Perché il decreto di Piantedosi, Salvini e Crosetto era illegittimo
Terzo. Tra le necessità umane primarie, come anticipato, c’è anche il diritto di richiedere la protezione internazionale. Chiunque entri in uno Stato deve poter presentare una richiesta simile. La legge italiana, in linea con il sistema internazionale, prevede che il richiedente ottenga un permesso di soggiorno temporaneo, in attesa che si esprima la commissione che valuta i requisiti di protezione. Pur avendo manifestato la volontà di chiedere protezione, i trentacinque naufraghi che non versavano in condizioni mediche di emergenza sono invece stati lasciati ad aspettare sulla nave.
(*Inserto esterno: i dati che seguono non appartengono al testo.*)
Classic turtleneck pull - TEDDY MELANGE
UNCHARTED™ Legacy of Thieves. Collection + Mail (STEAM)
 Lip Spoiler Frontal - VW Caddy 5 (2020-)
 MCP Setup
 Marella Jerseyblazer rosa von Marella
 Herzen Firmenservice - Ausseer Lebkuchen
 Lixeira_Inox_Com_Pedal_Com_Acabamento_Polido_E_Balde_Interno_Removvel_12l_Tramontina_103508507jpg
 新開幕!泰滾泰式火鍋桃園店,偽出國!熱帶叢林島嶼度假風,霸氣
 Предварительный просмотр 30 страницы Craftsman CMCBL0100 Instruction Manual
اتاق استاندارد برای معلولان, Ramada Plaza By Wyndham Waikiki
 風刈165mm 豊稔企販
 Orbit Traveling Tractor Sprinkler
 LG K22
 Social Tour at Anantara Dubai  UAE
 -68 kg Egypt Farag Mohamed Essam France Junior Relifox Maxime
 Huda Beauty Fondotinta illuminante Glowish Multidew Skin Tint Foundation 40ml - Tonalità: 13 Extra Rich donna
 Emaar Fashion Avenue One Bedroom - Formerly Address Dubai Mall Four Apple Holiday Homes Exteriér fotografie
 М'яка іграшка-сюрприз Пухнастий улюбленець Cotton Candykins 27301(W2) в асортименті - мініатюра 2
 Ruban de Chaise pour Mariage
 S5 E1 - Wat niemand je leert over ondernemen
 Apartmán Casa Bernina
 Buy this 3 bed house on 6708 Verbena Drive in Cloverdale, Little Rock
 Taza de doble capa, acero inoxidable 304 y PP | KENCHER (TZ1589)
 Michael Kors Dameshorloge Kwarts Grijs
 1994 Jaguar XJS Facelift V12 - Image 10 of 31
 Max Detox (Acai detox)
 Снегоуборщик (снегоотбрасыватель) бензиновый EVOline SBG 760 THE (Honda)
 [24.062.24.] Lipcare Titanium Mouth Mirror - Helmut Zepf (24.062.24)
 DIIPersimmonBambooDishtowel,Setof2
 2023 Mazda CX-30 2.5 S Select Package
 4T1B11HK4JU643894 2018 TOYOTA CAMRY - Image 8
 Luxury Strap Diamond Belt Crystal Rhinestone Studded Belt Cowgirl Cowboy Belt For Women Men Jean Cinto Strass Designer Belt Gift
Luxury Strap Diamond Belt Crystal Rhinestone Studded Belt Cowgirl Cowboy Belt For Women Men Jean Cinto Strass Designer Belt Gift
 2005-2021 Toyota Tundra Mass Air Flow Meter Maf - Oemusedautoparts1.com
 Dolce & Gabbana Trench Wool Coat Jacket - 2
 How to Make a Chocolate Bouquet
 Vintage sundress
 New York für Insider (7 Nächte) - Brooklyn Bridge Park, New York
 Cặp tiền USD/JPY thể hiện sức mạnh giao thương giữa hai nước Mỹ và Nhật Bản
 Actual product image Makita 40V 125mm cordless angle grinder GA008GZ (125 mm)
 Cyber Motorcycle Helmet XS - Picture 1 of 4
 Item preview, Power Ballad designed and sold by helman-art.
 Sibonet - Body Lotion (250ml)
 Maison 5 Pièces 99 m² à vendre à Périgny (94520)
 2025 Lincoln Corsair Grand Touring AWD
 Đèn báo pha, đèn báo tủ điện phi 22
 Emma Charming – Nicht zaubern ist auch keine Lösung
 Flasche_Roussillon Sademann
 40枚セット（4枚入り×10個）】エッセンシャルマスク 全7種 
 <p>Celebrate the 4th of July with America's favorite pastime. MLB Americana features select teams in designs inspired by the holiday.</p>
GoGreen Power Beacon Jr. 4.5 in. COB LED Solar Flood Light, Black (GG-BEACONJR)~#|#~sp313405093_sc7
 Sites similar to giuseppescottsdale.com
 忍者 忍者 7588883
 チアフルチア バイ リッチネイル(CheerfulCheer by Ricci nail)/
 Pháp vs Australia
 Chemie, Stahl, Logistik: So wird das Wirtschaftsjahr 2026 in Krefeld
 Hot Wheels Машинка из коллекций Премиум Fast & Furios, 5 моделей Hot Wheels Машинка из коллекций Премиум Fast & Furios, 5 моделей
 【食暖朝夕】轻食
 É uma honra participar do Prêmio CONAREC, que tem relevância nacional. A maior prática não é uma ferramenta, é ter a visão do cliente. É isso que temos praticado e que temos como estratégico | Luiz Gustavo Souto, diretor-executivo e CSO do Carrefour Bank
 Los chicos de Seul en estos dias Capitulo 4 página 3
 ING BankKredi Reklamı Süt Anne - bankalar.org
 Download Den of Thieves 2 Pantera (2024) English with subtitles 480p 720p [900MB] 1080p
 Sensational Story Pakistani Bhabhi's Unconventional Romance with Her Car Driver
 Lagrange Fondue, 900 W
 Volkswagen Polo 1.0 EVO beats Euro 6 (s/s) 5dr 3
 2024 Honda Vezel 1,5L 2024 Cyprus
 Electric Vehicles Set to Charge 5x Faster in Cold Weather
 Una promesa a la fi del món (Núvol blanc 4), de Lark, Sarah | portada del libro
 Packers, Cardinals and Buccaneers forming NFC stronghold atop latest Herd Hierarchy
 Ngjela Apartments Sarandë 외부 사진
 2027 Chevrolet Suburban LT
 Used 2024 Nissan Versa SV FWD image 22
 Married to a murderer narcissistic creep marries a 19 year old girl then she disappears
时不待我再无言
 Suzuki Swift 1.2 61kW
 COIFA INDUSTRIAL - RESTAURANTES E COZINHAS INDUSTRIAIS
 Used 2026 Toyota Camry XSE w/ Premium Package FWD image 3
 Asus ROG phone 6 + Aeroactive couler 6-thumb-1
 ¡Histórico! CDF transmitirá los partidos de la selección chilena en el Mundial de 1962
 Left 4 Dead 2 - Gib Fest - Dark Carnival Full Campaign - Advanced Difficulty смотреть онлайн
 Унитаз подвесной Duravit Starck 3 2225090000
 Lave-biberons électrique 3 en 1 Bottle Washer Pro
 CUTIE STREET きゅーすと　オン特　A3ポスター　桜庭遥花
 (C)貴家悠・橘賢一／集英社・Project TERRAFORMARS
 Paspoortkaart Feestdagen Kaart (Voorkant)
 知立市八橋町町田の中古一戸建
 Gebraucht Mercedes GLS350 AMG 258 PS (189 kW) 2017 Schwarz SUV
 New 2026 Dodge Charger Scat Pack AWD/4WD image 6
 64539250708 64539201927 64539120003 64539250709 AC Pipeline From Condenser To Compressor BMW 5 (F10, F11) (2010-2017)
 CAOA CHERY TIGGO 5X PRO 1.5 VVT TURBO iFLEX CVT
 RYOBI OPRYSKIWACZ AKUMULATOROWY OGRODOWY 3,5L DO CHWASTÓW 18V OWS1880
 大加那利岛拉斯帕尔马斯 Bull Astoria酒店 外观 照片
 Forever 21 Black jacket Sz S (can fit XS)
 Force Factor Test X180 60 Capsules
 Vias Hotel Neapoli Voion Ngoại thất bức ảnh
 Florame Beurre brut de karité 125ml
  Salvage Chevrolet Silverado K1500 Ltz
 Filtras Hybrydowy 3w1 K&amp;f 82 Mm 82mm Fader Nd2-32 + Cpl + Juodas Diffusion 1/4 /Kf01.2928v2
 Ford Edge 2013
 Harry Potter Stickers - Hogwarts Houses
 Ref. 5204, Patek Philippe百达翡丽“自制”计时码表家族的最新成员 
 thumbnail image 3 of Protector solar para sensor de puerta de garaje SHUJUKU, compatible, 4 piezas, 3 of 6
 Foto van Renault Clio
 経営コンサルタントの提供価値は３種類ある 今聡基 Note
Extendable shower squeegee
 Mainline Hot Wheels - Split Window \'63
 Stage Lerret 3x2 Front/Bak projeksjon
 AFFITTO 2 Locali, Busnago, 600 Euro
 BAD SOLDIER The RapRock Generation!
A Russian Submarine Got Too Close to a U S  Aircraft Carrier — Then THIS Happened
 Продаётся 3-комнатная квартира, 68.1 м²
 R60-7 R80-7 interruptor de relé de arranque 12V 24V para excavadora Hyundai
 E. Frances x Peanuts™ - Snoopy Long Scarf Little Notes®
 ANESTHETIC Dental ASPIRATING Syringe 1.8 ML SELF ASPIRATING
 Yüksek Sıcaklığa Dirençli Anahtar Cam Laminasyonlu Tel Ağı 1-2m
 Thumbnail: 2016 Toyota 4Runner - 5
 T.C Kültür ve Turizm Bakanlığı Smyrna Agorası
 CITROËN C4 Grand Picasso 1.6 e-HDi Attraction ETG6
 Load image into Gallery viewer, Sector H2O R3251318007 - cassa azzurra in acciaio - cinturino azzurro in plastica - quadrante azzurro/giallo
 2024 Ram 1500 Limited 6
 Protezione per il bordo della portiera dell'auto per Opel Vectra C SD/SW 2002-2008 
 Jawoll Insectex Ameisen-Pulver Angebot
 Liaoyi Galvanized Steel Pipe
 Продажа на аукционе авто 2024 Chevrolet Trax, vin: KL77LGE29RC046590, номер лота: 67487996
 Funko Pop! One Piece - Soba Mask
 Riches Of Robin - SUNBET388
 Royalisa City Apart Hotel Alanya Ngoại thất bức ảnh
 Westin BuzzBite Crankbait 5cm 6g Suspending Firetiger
Quarto. Impedire in questo modo il diritto di richiedere asilo o protezione internazionale viola anche la Convenzione europea sui diritti umani (CEDU), perché il decreto interministeriale avrebbe messo in atto un’espulsione collettiva. L’espulsione collettiva è illegittima (e l’Italia è stata condannata più e più volte per questa prassi) perché infrange due diritti fondamentali. Da un lato, cacciare dei richiedenti protezione significa respingerli alla situazione di danno o di pericolo da cui provengono: e questo significa calpestare il diritto di non essere sottoposti a trattamenti inumani e degradanti (art. 3 CEDU). Dall’altro, non viene garantito un rimedio effettivo contro l’espulsione (art. 13 CEDU), proprio perché la situazione del naufrago, nella sua individualità, non viene analizzata, e la protezione viene negata a priori, con un respingimento collettivo.
Insomma, il decreto firmato dai ministri Piantedosi, Crosetto e Salvini era illegittimo, e calpestava tanto i princìpi sul soccorso in mare quanto i diritti umani di protezione internazionale, confermando ancora un'azione di governo, specie su profughi e sbarchi, più di propaganda che di sostanza.